ControlFlow::Poll tells the event loop to call our closure continuously rather than waiting for an event — exactly what a rendering loop needs, since we’ll want to draw a frame on every iteration.

When the close button is clicked, we receive a CloseRequested event and call elwt.exit() to shut the loop down cleanly. elwt is the event loop window target — our handle for controlling the loop from inside the closure.

One subtlety: the window variable is named _window because nothing reads it yet. The underscore silences the unused-variable warning while keeping the window alive — if we dropped it, the window would close immediately.

The move keyword doesn’t capture anything yet — closures only take ownership of variables they actually use, and ours uses none. It becomes important in later parts, when the handler needs the window and GPU state.

Running It

cargo run

You should see an 800×600 window with a black background and the title “Graphics with wgpu”. The window responds to the close button. That’s it for Part 1 — a small amount of code, but the scaffolding every graphics program needs.

What’s Next

In Part 2, we initialise the wgpu pipeline and learn how to clear the screen to a colour. That’s where the GPU gets involved for the first time.

Further reading:

FAQ

What is wgpu used for? wgpu is used for GPU-accelerated graphics and compute in Rust. It’s the foundation for game engines like Bevy, scientific visualisation tools, and anything that needs to talk to the GPU from Rust.
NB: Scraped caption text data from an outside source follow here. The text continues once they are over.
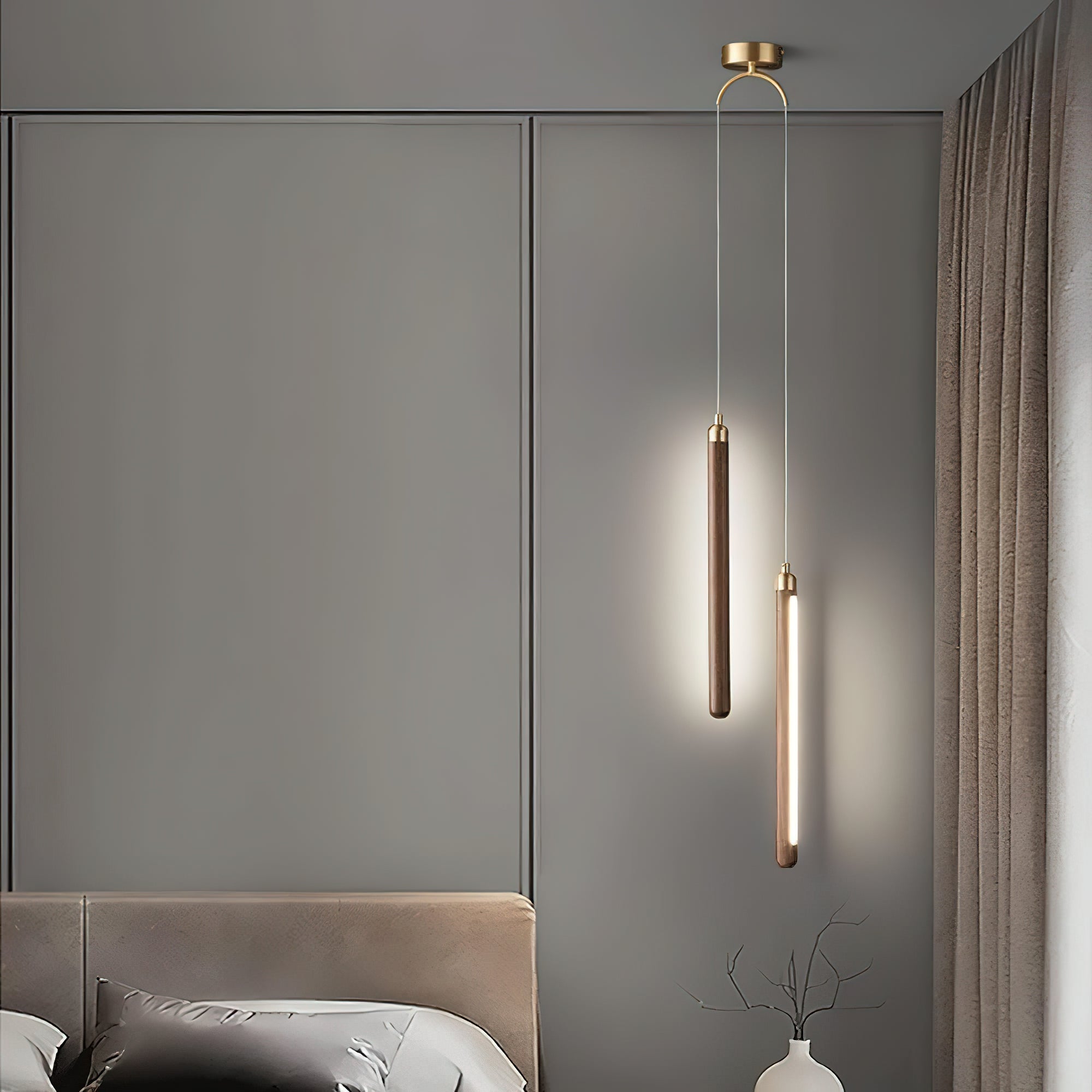 Suspension Linéaire Bois Laiton Éclairage LED Température Ajustable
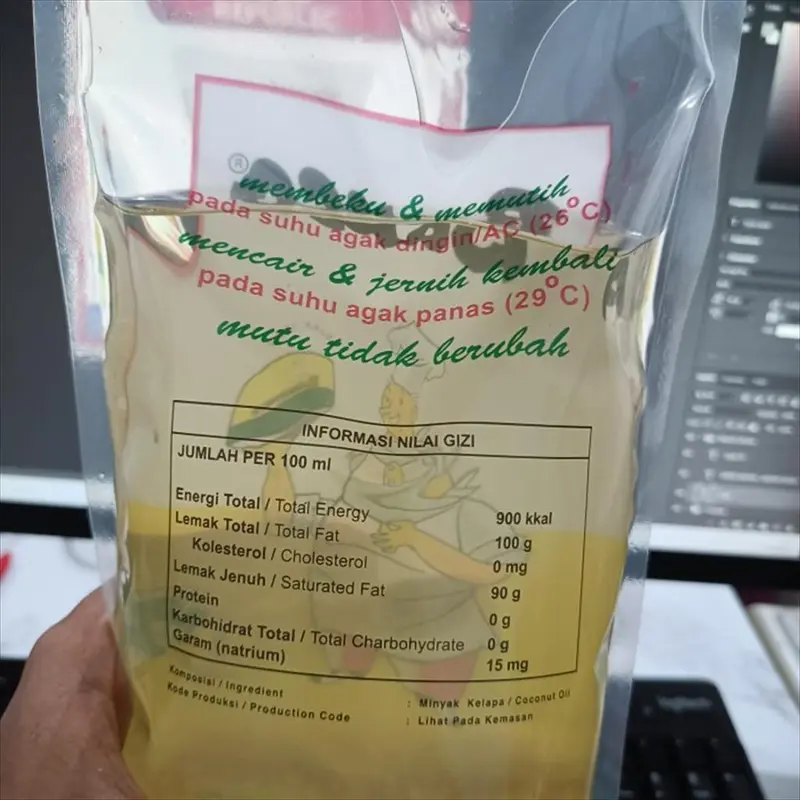 Barco Minyak Goreng Kelapa Pouch 1 Liter Coconut Cooking Oil Halal 2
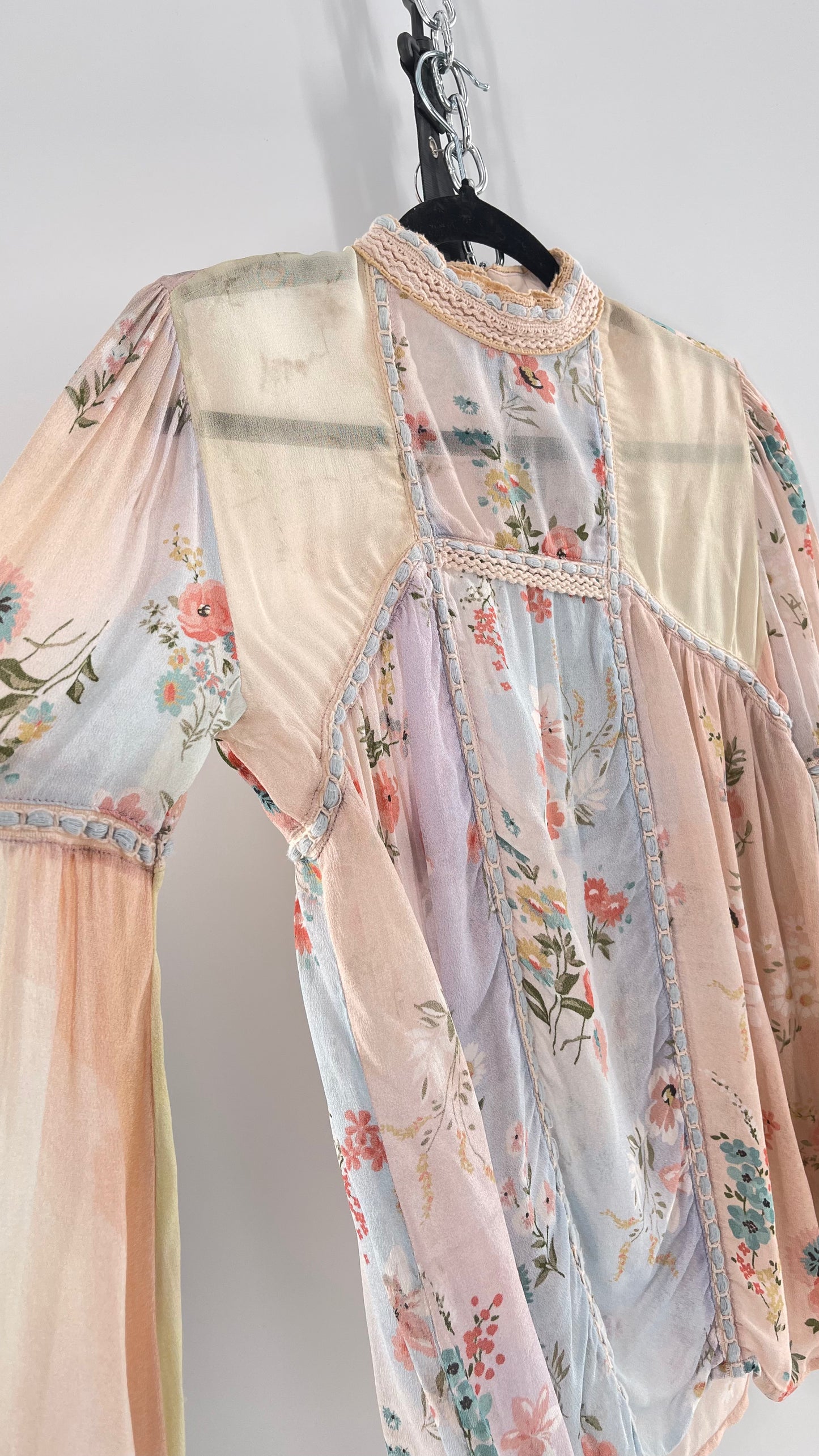 Bl^nk London Anthropologie Pastel Patchwork Blouse (Small)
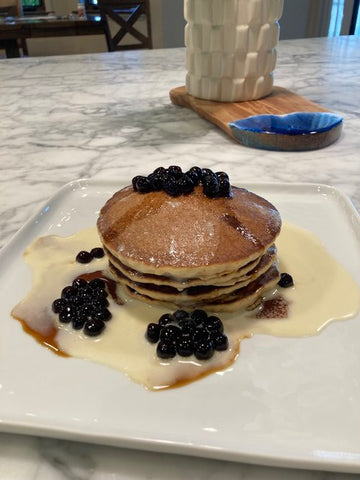 Pancakes Topped with Milk Tea Cream and Boba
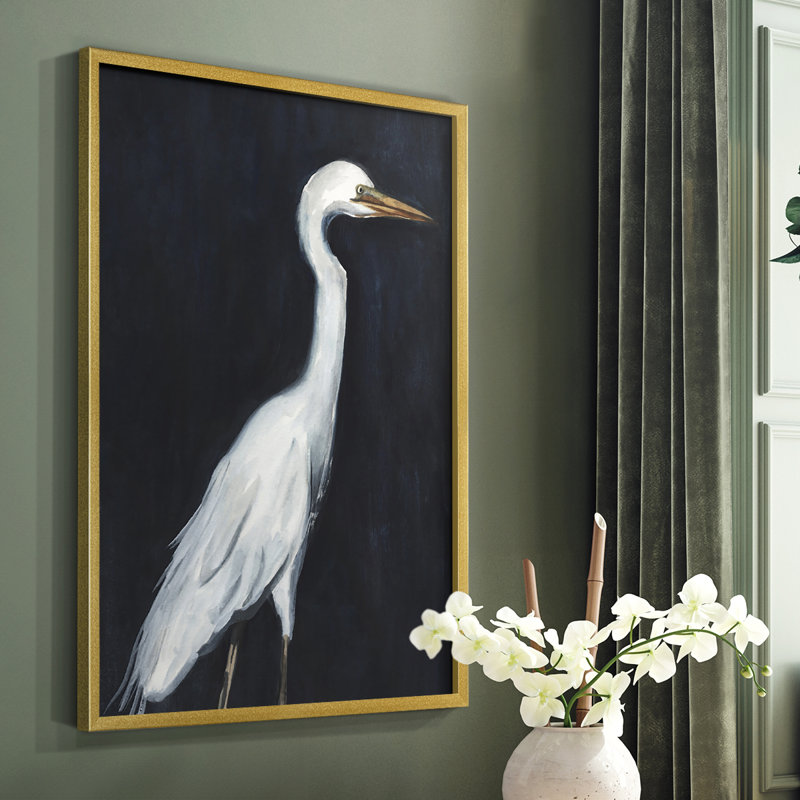 Calm Great Egret II, reproduction encadrée - bois massif, H 14 po x l 11 po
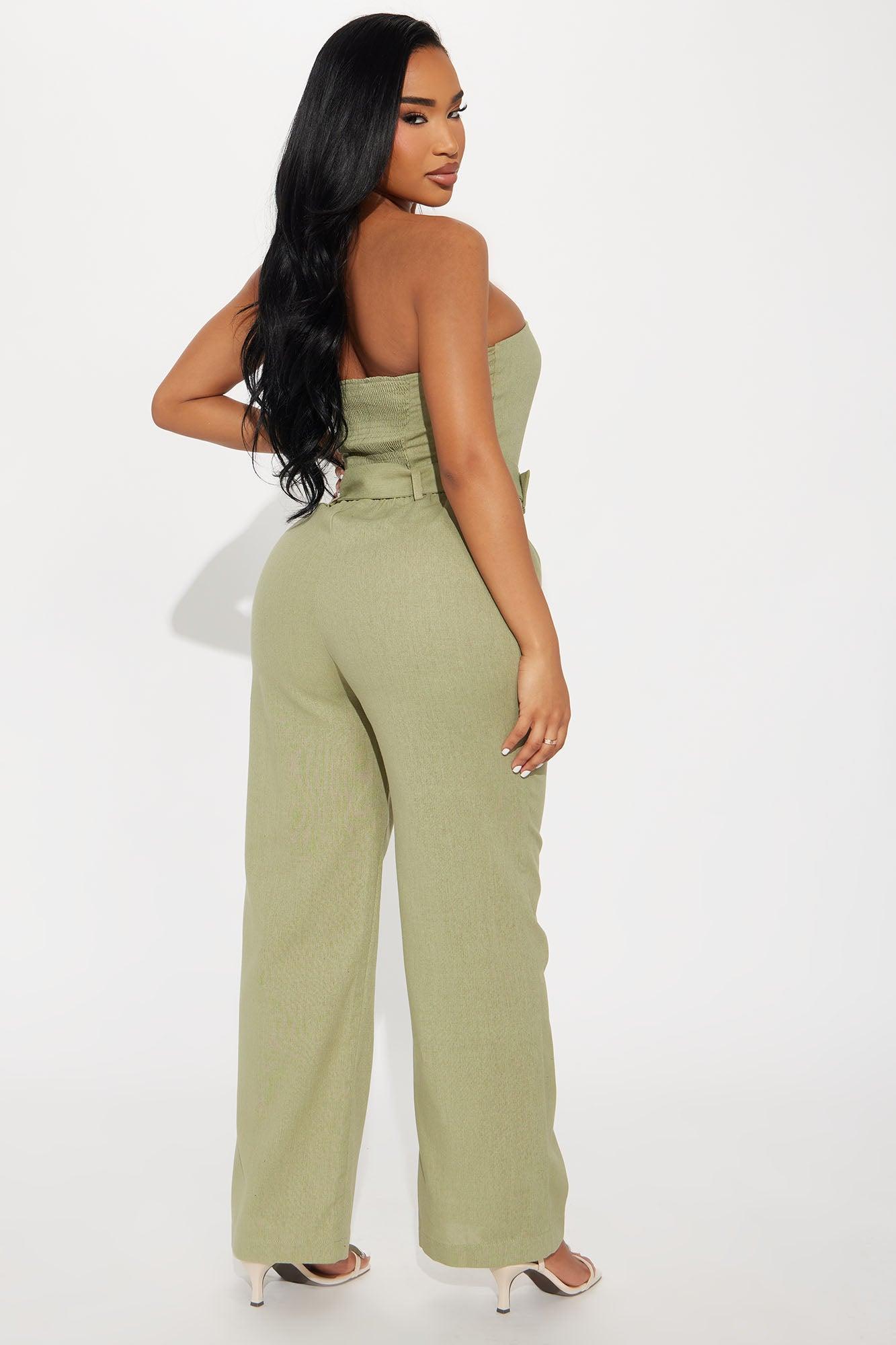 Leona Linen Jumpsuit - Olive Product Image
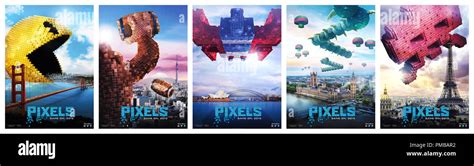 Pixels 2015 Poster Stock Photo Alamy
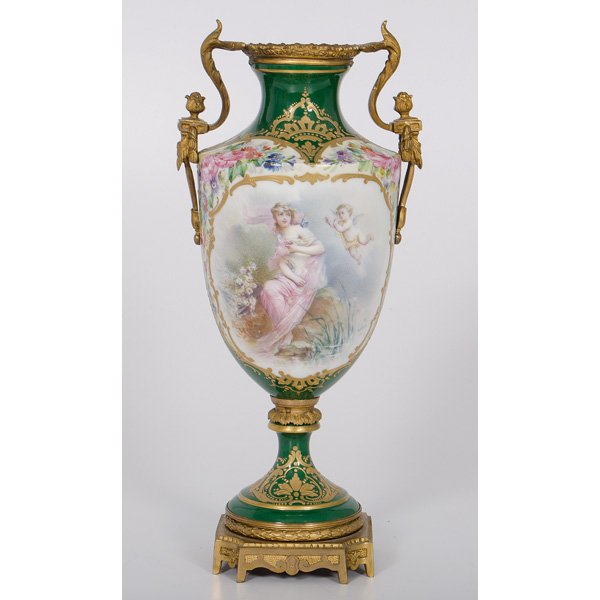 Sevres-Style Vase with Ormolu Mounts : Sevres-Style Vase with Ormolu Mounts French, 19th-early 20th century. An ormolu-mounted Sevres-style porcelain pomme verte ground vase painted with idealized classical figures, the obverse with gilt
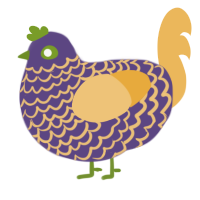 A overcast and honey chicken with a lace pattern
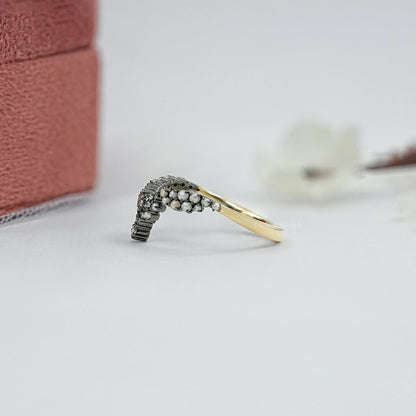 Marquise and Round Lab Diamond Curved Wedding Ring 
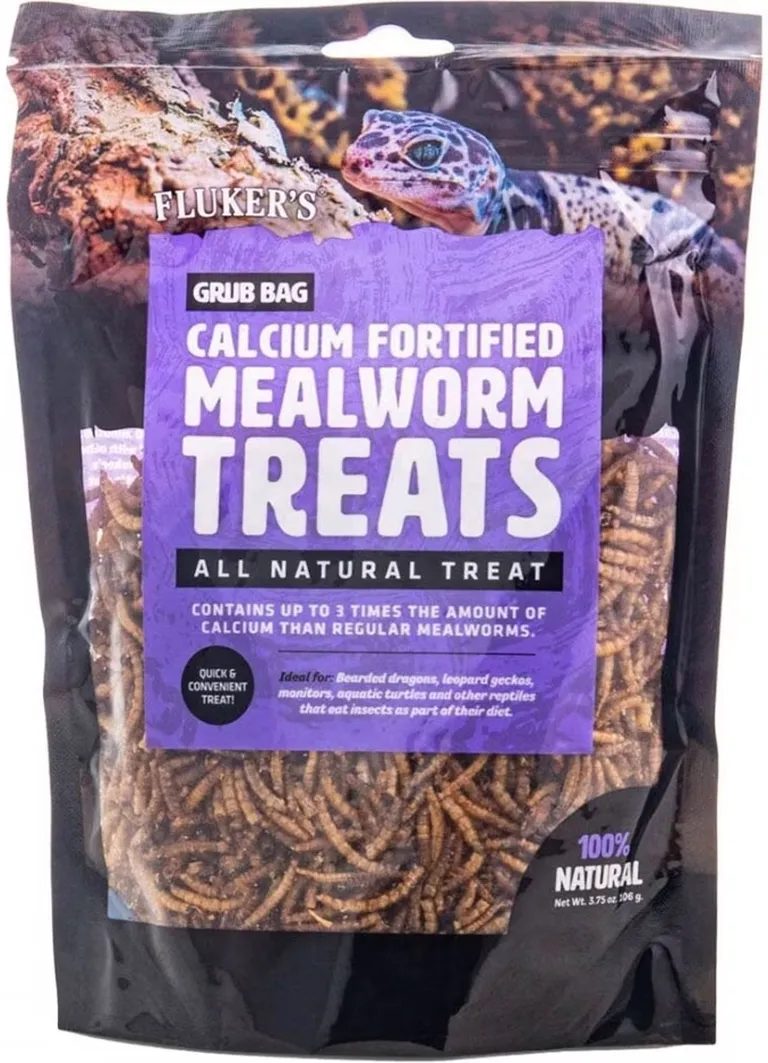 Flukers Grub Bag Calcium Fortified Mealworm Treats for Reptiles Photo 1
Does wgpu work on macOS? Yes. wgpu translates to Metal on macOS automatically. The same code runs on Windows (DirectX 12 / Vulkan), Linux (Vulkan), and macOS (Metal) without changes.

Why do we need an event loop? The operating system delivers window events (close, resize, keyboard, mouse) asynchronously. An event loop gives you a single place to receive and respond to all of them without polling manually.

What is ControlFlow::Poll? It tells winit to call your event handler continuously rather than sleeping between events. For a rendering application you want to draw every frame, so Poll is the right choice. Interactive tools that only need to update on user input would use ControlFlow::Wait to save CPU.